Work instruction:
Would you transcribe each entry exactly as it stands, omitting the pictures?

###

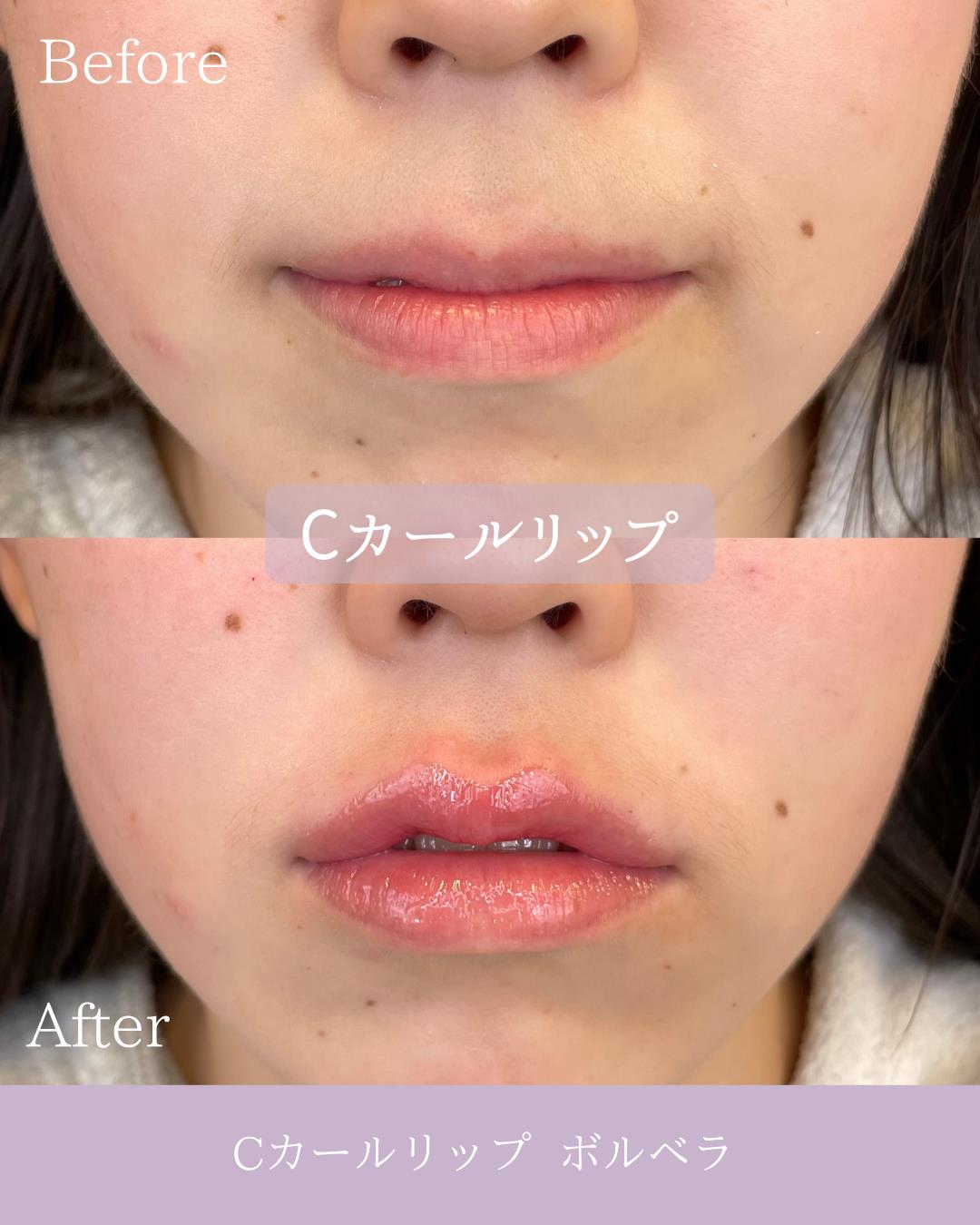 Cカールリップの症例写真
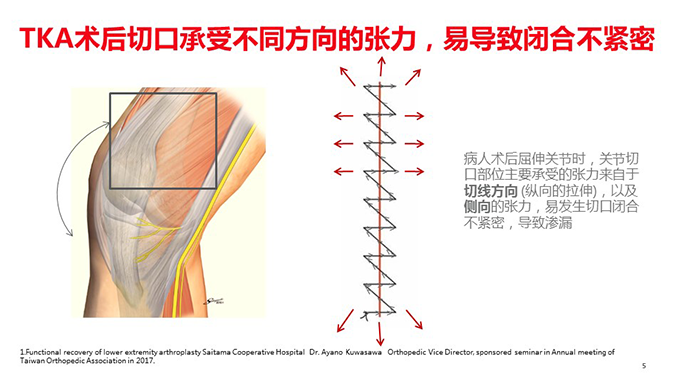 倒刺线怎么缝合鱼骨倒刺线在膝关节置换术中的应用_https://www.jmylbn.com_新闻资讯_第5张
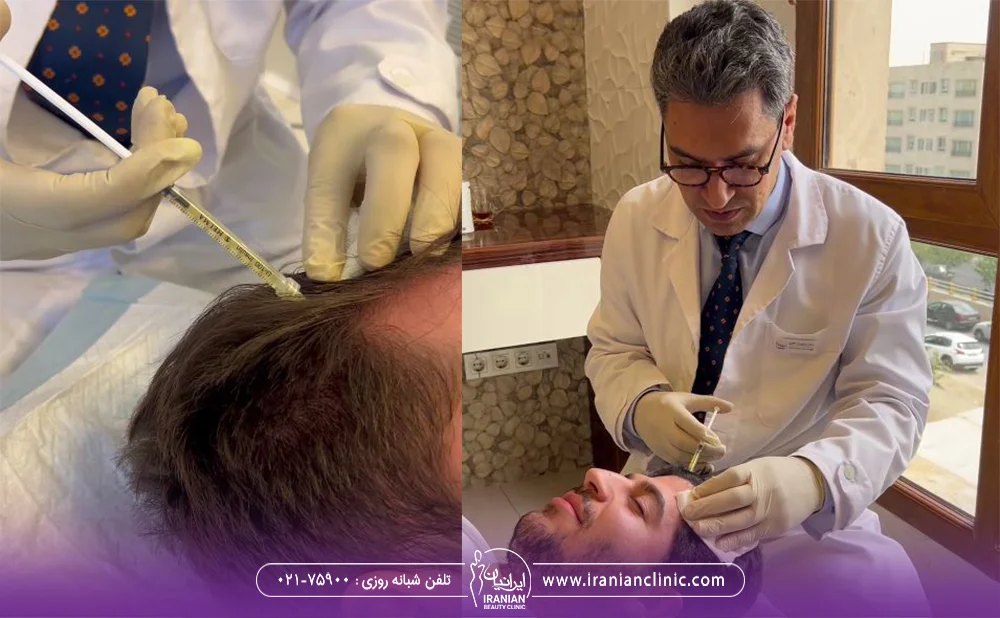 عکس پزشک در کلینیک زیبایی ایرانیان در حال تزریق پی آر پی موی سر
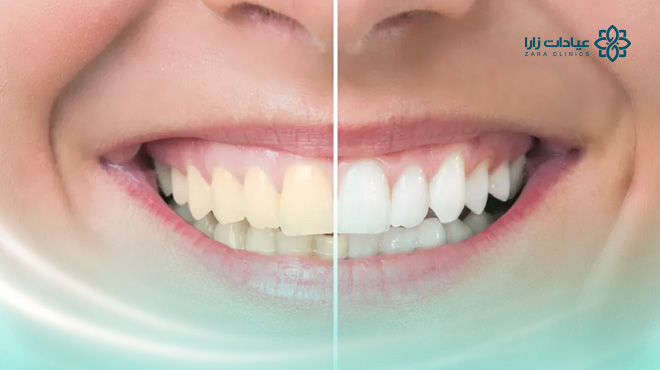 تبييض-الاسنان-بالليزر-قبل-وبعد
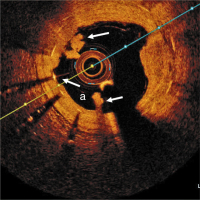 Abbildung 8: Thrombus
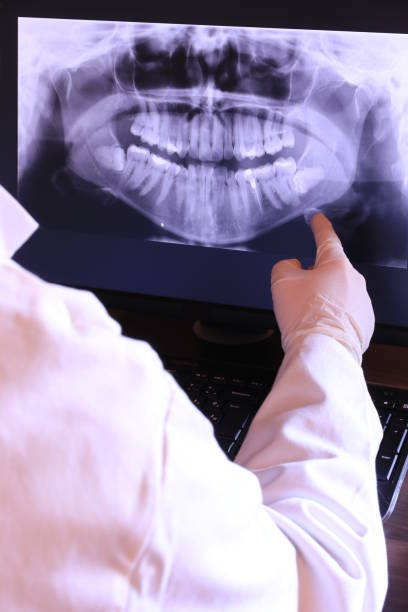 Best Emergency Dental Care for Broken or Chipped Teeth in Warrenton, MO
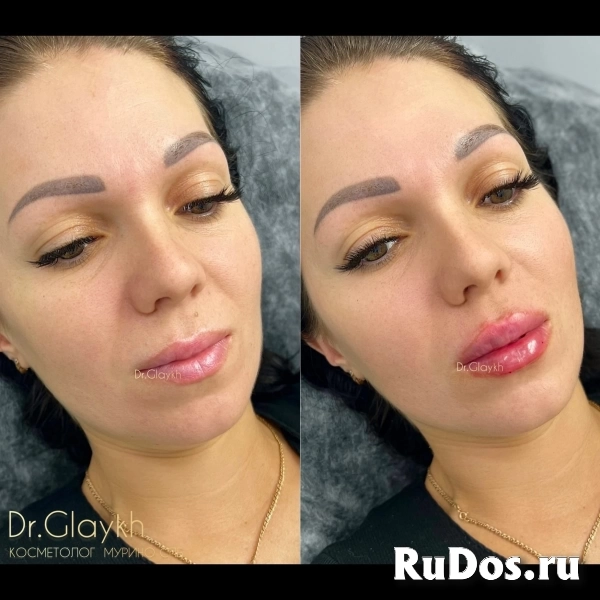 Косметолог - Увеличение губ - Ботокс - Биоревитализация - изображение 5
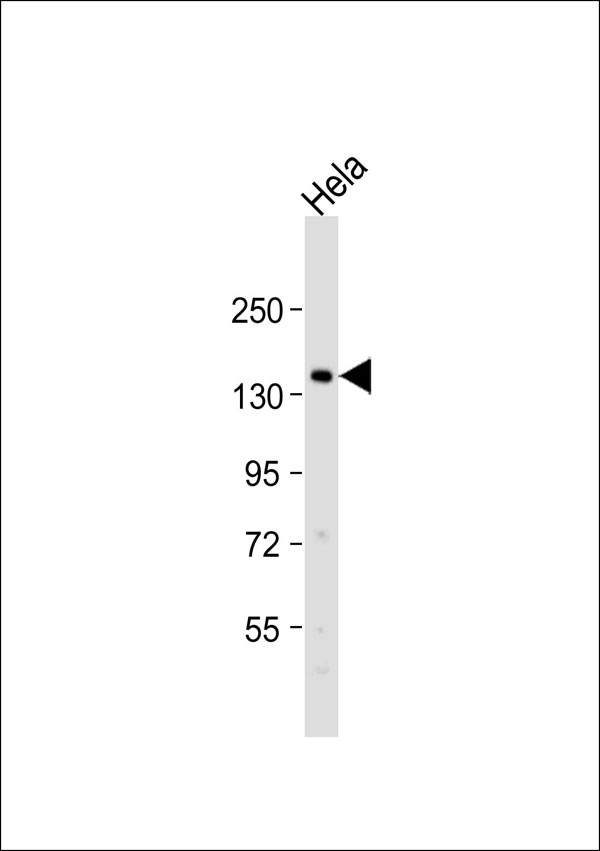 INPPL1 / SHIP2 Antibody - Anti-SHIP2 Antibody at 1:1000 dilution + HeLa whole cell lysate Lysates/proteins at 20 ug per lane. Secondary Goat Anti-Rabbit IgG, (H+L), Peroxidase conjugated at 1:10000 dilution. Predicted band size: 139 kDa. Blocking/Dilution buffer: 5% NFDM/TBST.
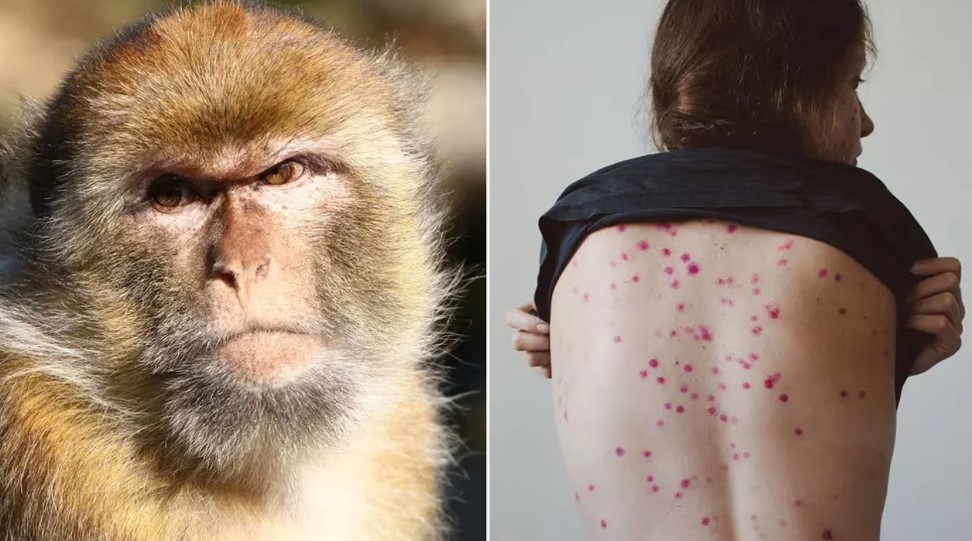 Se registraron siete casos nuevos de viruela del mono, todos en CABA | Actualidad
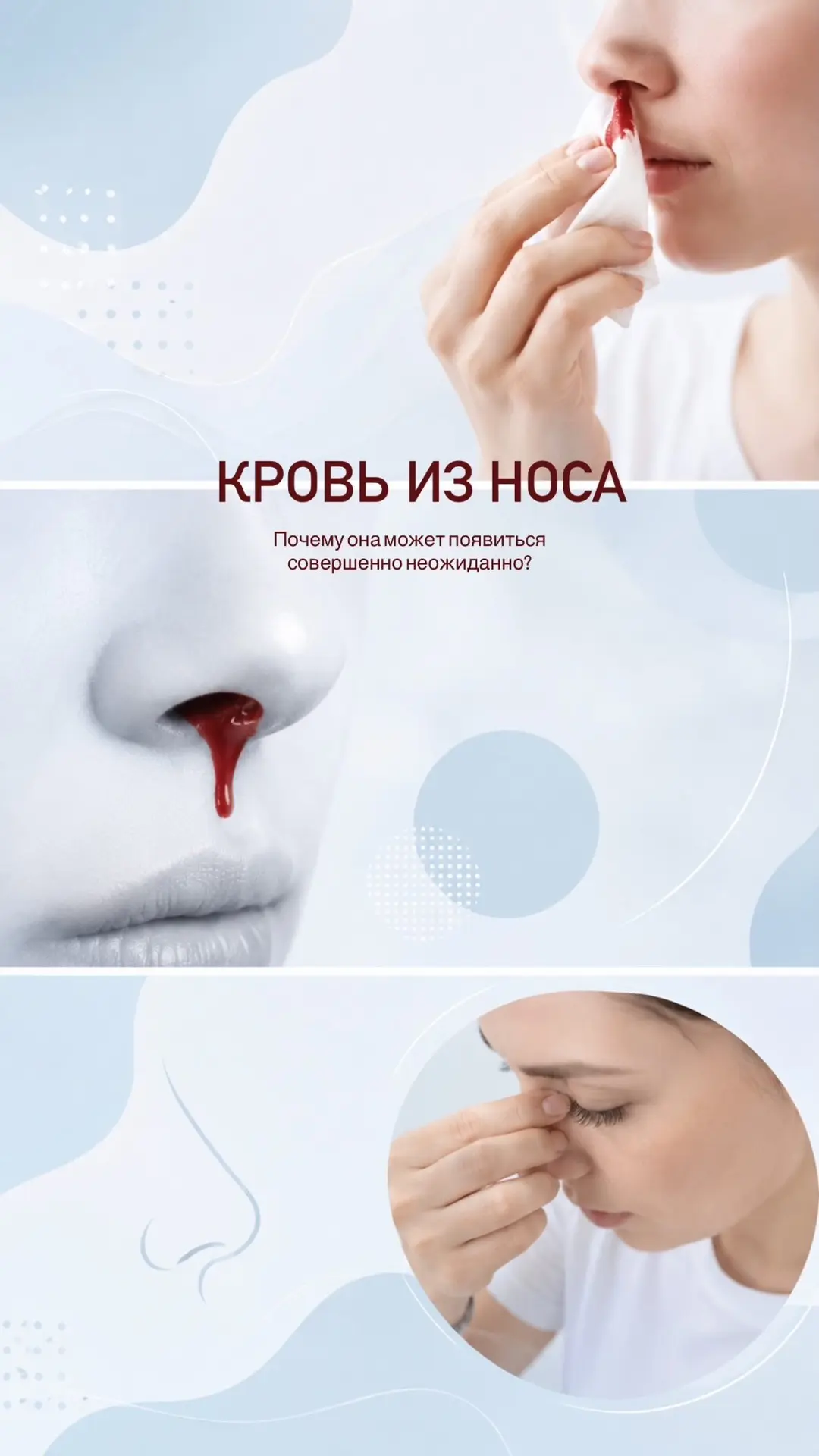 Кровь из носа — знакомая многим ситуация.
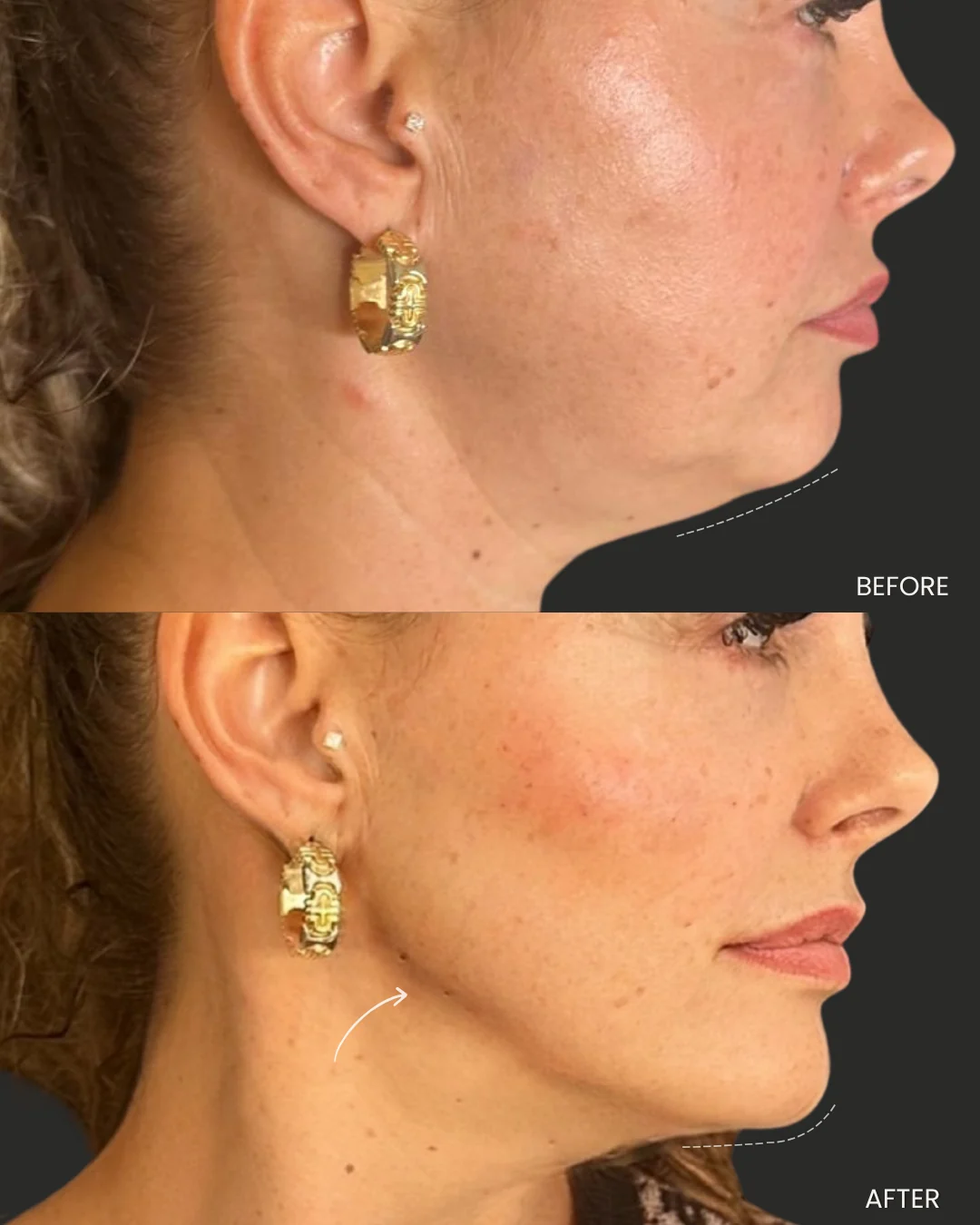 Voor-en-nafoto van Liquid Beauty
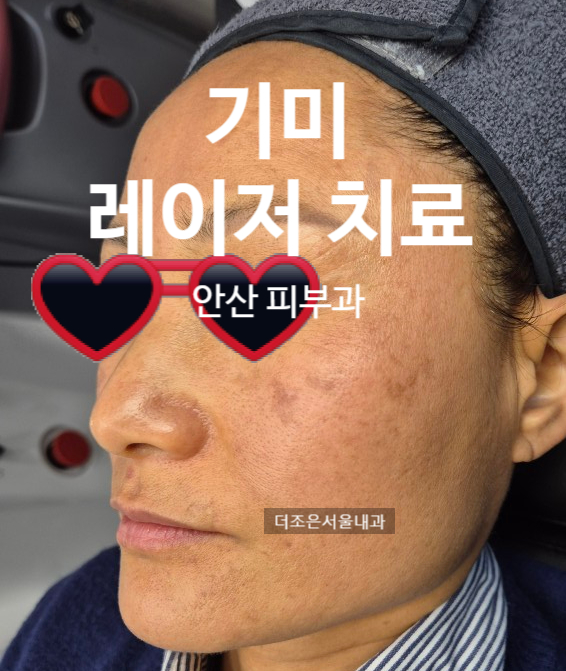  리팟레이저 대신 루비레이저로 40대 기미 흑자 관리 (의사가 작성한 의학지식)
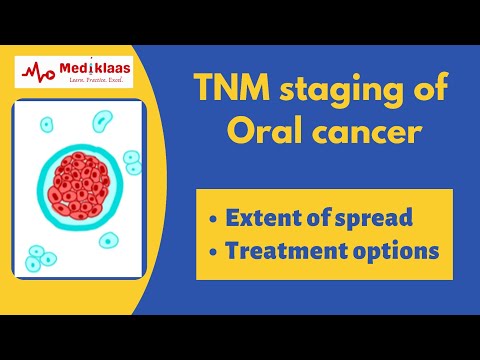TNM staging of oral cancer l Oral surgery l Mediklaas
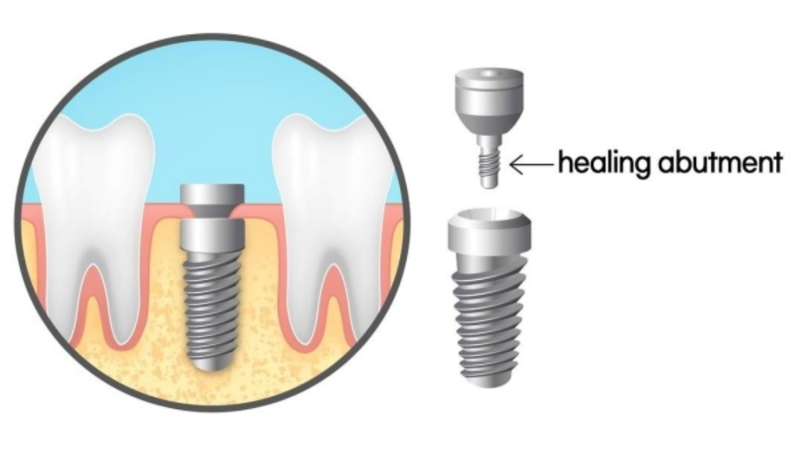 Healing implant là gì? Các đặc điểm nổi bật 1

###

Your solution:
 Cカールリップの症例写真
 倒刺线怎么缝合鱼骨倒刺线在膝关节置换术中的应用_https://www.jmylbn.com_新闻资讯_第5张
 عکس پزشک در کلینیک زیبایی ایرانیان در حال تزریق پی آر پی موی سر
 تبييض-الاسنان-بالليزر-قبل-وبعد
 Abbildung 8: Thrombus
 Best Emergency Dental Care for Broken or Chipped Teeth in Warrenton, MO
 Косметолог - Увеличение губ - Ботокс - Биоревитализация - изображение 5
 INPPL1 / SHIP2 Antibody - Anti-SHIP2 Antibody at 1:1000 dilution + HeLa whole cell lysate Lysates/proteins at 20 ug per lane. Secondary Goat Anti-Rabbit IgG, (H+L), Peroxidase conjugated at 1:10000 dilution. Predicted band size: 139 kDa. Blocking/Dilution buffer: 5% NFDM/TBST.
 Se registraron siete casos nuevos de viruela del mono, todos en CABA | Actualidad
 Кровь из носа — знакомая многим ситуация.
 Voor-en-nafoto van Liquid Beauty
  리팟레이저 대신 루비레이저로 40대 기미 흑자 관리 (의사가 작성한 의학지식)
TNM staging of oral cancer l Oral surgery l Mediklaas
 Healing implant là gì? Các đặc điểm nổi bật 1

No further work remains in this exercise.